Ditanya langkah untuk mematenkan dua alat musik
ini, Yosep mengatakan, pihaknya tidak bisa berbuat banyak tanpa ada dukungan
dari pemerintah. Setidaknya, pemerintah daerah (Pemda) mengakui terlebih dahulu
keberadaan alat musik itu. "Tentu kita berharap secepatnya bisa
dipatenkan. Agar para pelaku bangga dengan hasil karyannya," tutur dia.
Dalam kesempatan tersebut, LSPP juga telah
mengundang Kementrian Dalam Negeri Bidang Seni Budaya dan Agama untuk
memberikan penghargaan para pelaku serta praktisi celempung dan karinding.
Ada enam seniman dari pelaku dan praktisi
celempung dan karinding.
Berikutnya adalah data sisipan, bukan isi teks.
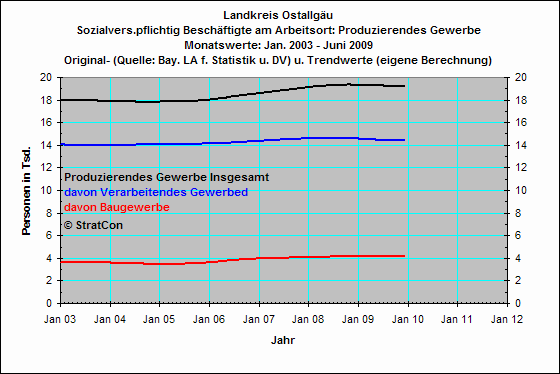 Produzierendes Gewerbe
Enam seniman tersebut berasal dari enam daerah di Jawa
Barat. "Satu daerah itu satu perwakilan dari Sukabumi, Bogor, Subang,
Sumedang, Cimahi dan Kabupaten Bandung," tutur dia.
5. Budaya
Simeulue Harus Dipatenkan
SINABANG - Wakil Bupati Simeulue Hasrul Edyar SSos MAP
menyatakan budaya dan ciri khas Kabupaten Simeulue yang secara turun temurun
dilakoni masyarakat Simeulue ternyata tidak satupun yang dipatenkan sehingga
dikhawatirkan akan dicaplok daerah lain. Ia minta instansi terkait di daerah
ini segera memantenkannya.
“Kita semua telah lalai. Saat ini tidak ada budaya
atau ciri khas Simeulue yang telah dipatenkan. Padahal budaya itu memperjelas
identitas daerah kita sendiri,” kata Wabup Hasrul Edyar ketika membuka acara
Malam Pesona Budaya Simeulue, Sabtu (22/9/2012) malam, di Lapangan Alul-alun
Kota Sinabang.
Wabup mengatakan, bukan hanya budaya lokal, rumah adat
Simeulue juga belum dipatenkan. “Yang sangat disesalkan seperti anyaman tikar,
itu telah dipatenkaan oleh salah satu kabupaten di Provinsi Aceh,” ujarnya
lagi, seraya mengajak seluruh generasi muda Simeulue melestarikan budaya dan
adat istiadat lokal.
Dikatakan, dengan telah dipatenkannya anyaman tikar
oleh daerah lain, ini menjadi salah satu bukti bahwa daerah ini lalai
memperdulikan salah satu budayanya. “Kemudian soal nandong saat ini hanya
digemari oleh masyarakat yang usianya boleh dikatakan sudah uzur, sementara
generasi muda Simeulue perannya sangat minim melestarikan salah satu warisan
pendahulu kita,” imbuh pria yang pernah menjabat camat sebelum terjun di dunia
politik itu.
Pada Malam Pesona Budaya Simeulue yang dilaksanakan
oleh Dinas Kebudayaan, Parawisata, Pemuda dan Olahraga (Disbudparpora)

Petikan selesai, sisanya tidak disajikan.